The expected nationalization of the US housing markets took another step forward Sunday morning, as Fannie Mae and Freddie Mac have been officially placed under conservatorship of the US Government, and that the Federal Reserve and the FDIC would be "working with" some banks who own preferred stock as large portions of their reserves. Investors owning common stock have been essentially wiped out. Preferred stock holders appear to be next on the totem pole, while investors in debt - like foreign central banks - will attempt to be made whole.
The details are somewhat convoluted. And whenever an event like this happens the early hours are filled with rumour and hype. A reasonable consensus on the exact nature of the bailout and it's immediate consequences will become clearer on Monday. Market reaction to this will be something that should be watched very carefully.
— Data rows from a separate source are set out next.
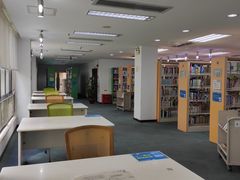 -深圳少年儿童图书馆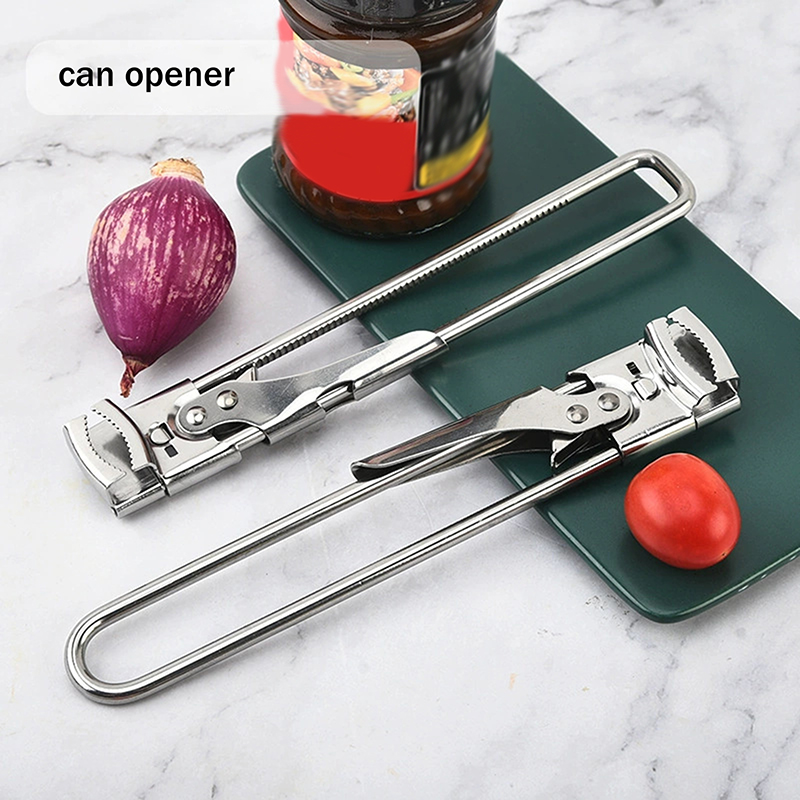 ที่เปิดขวดโหลอเนกประสงค์แบบปรั - Kitchen Gadgets Deals บทวิจารณ์และราคา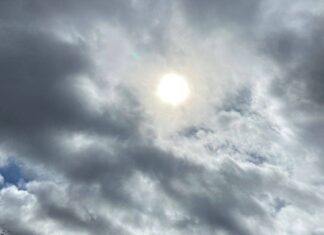 Semana Em Salvador Será De Sol Com Possibilidade De Chuva; Confira Previsão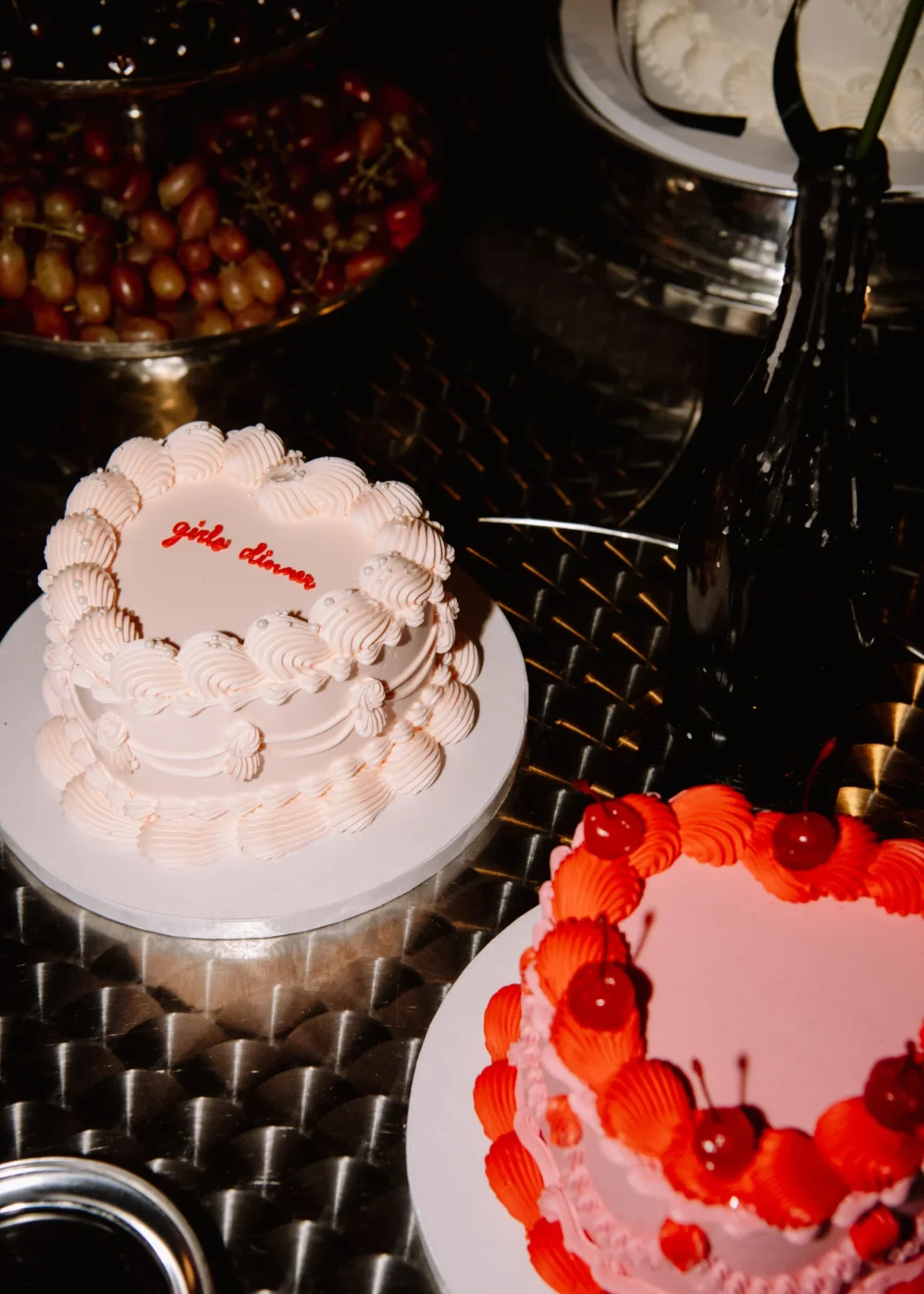 Bites by Ana vintage cake tartas personalizadas Madrid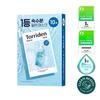 Toriden Mask 10-Sheet Package (3 Types) (Moisturizing/Soothing/Brightening)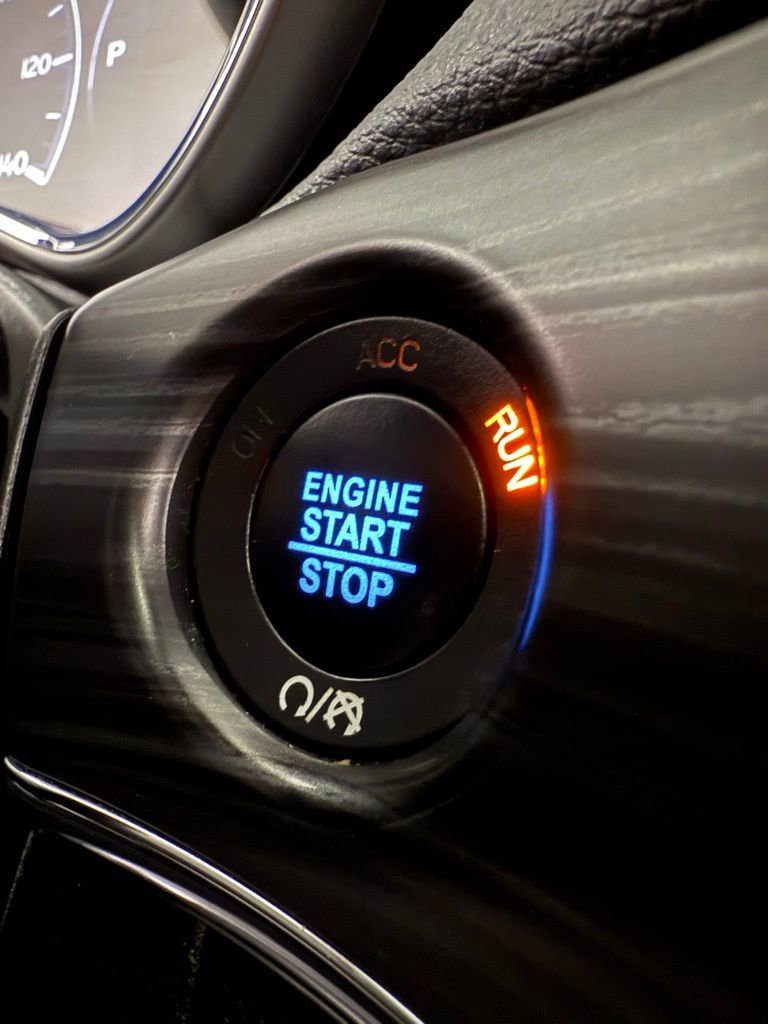 Used 2021 Jeep Grand Cherokee Limited w/ Quick Order Package 28K 80th image 28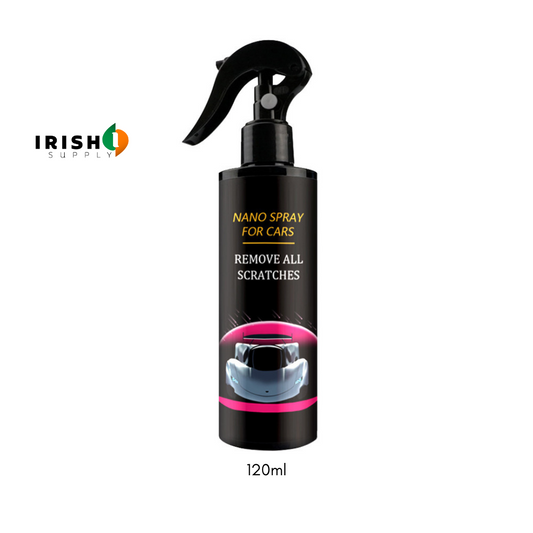 Nano Scratch Repair Spray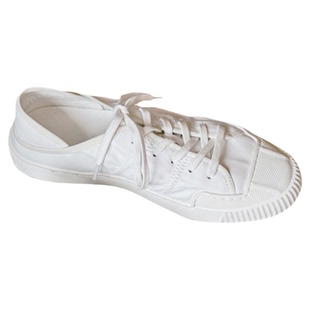 Mantova曼托瓦小白鞋板鞋牛皮女鞋踩屎感超软橡胶底两穿平底鞋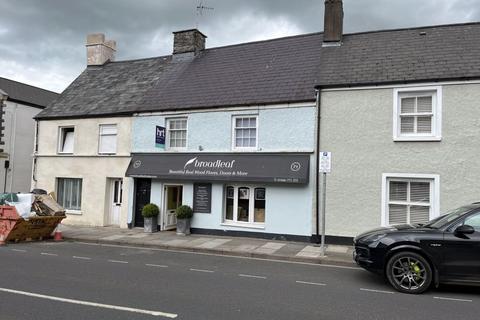 undefined, 71 Eastgate, Cowbridge, The Vale of Glamorgan CF71 7AA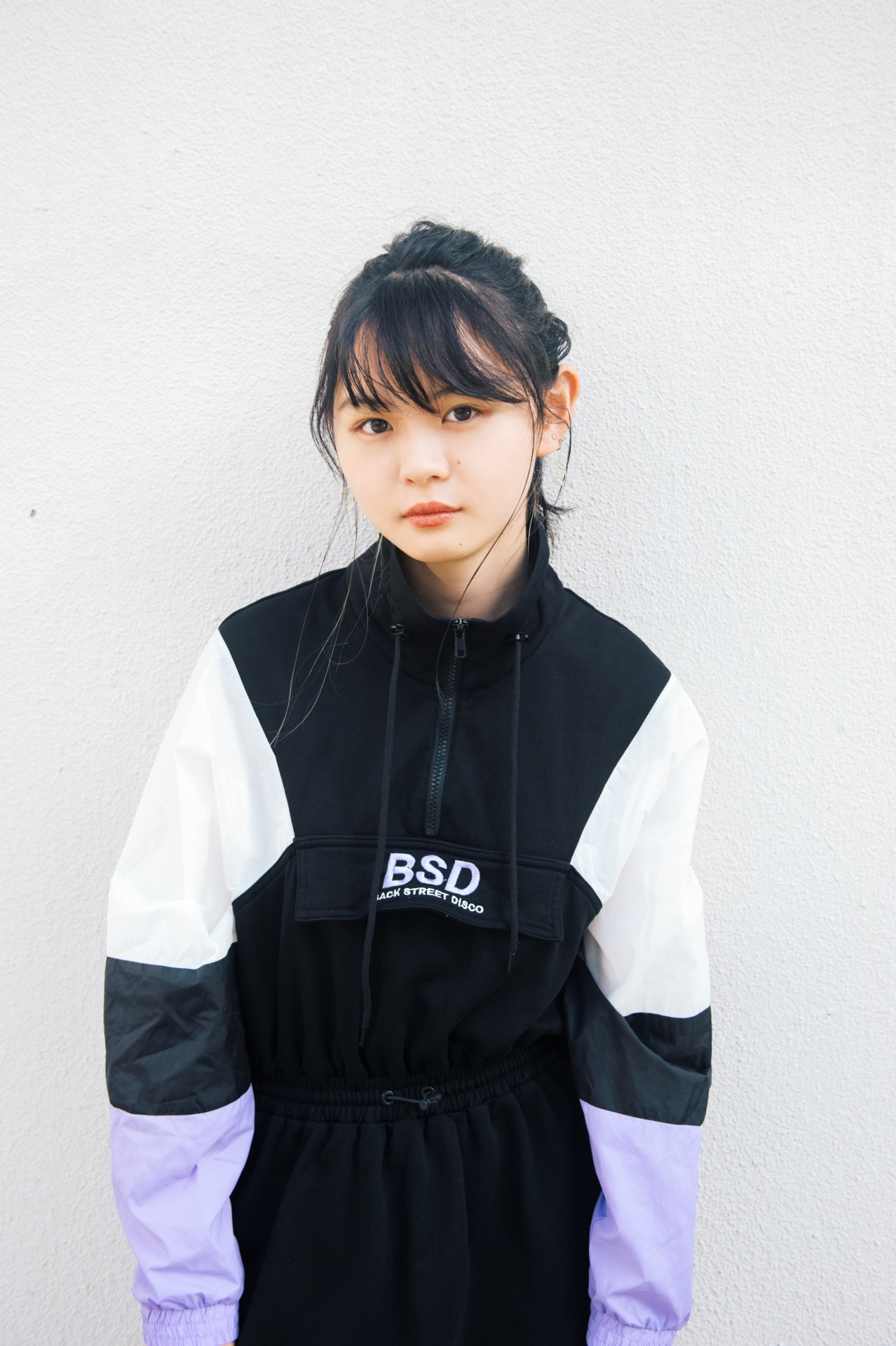 ときわ藍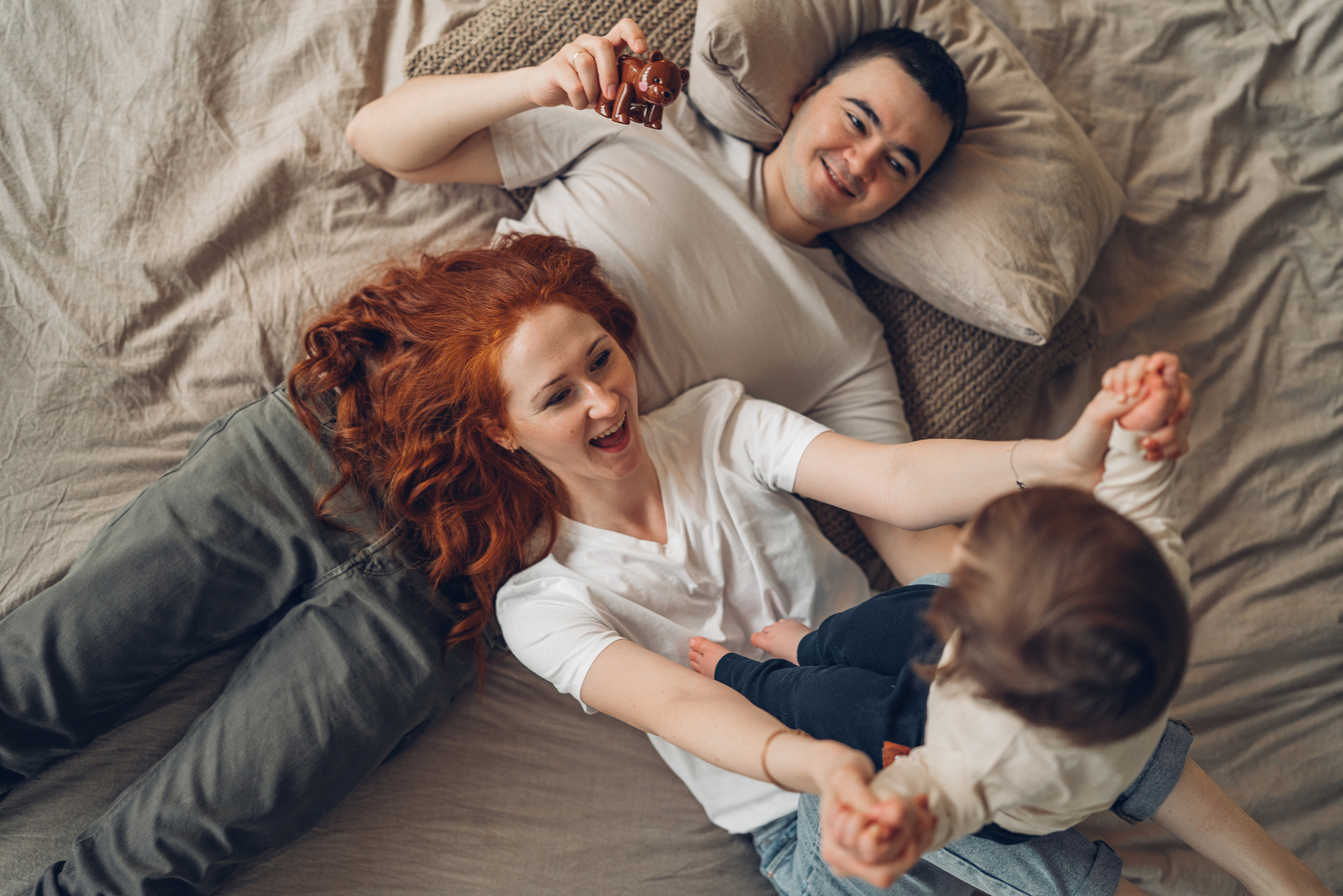 Земная любовь, настоящее чудо Любви и главный бриллиант бабушек и дедушки ЭМИЛЬ. Профессиональный детский и семейный фотограф в Москве Диля Грошева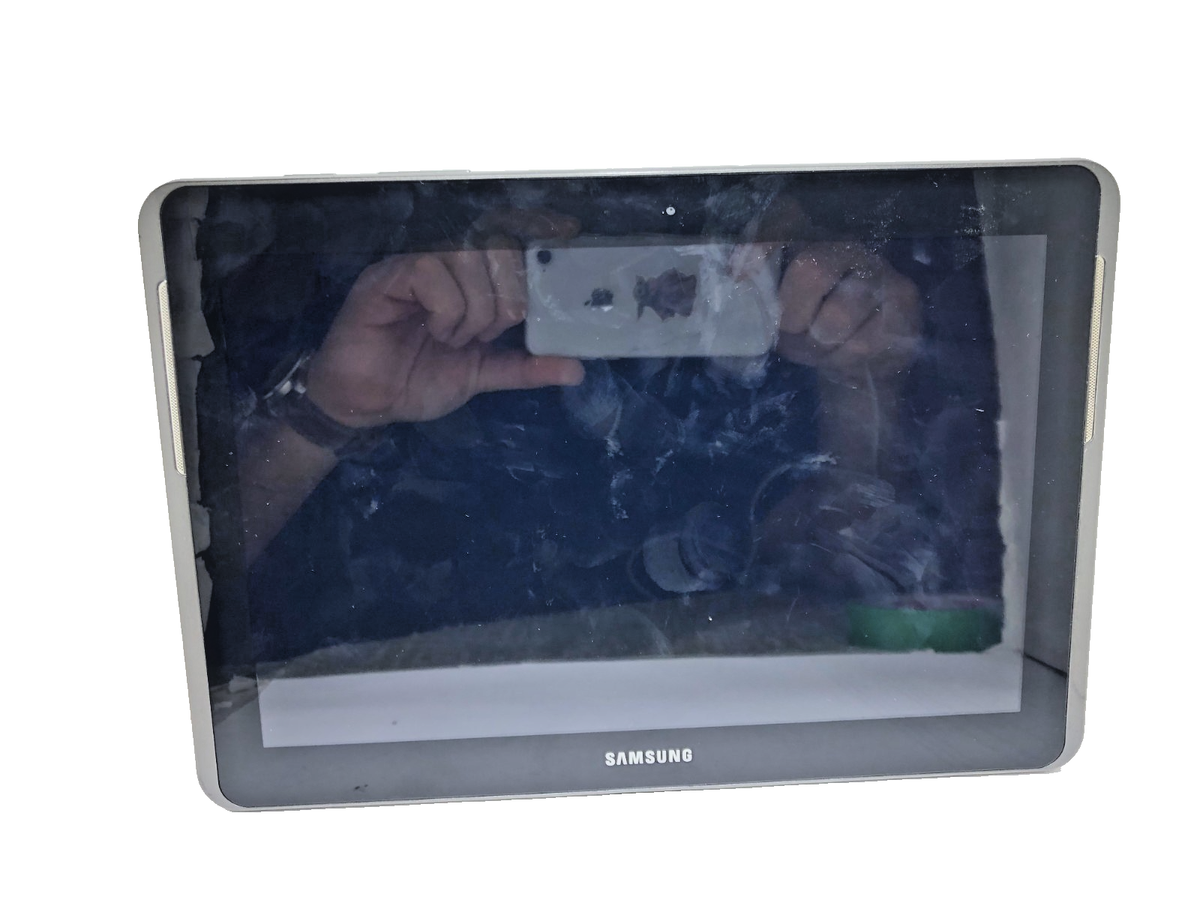 Buy Samsung Galaxy Tab GT-P5113 16GB, Wi-Fi, Titanium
Previous reactions have been positive, but as I mentioned a few days ago, the market will eventually begin viewing these events as a negative.
(Update: Mike Shedlock had this to say on the plan: Paulson Rolls Dice at Taxpayer Expense, Yves Smith posted his interpretation and initial thoughts, and "Calculated Risk" said bluntly "Expect more bank failures.")
Additionally, Tim Iacono had some good questions about the percieved inverse relationsip between the US Dollar and commodities that the market treats as gospel. Tim argues the same things I did in Gold: What Have You Done For Me Lately? I.e., a falling dollar is not a necessarry condition for gold or other commodities to rise - that they will do so based on their own individual supply & demand situations.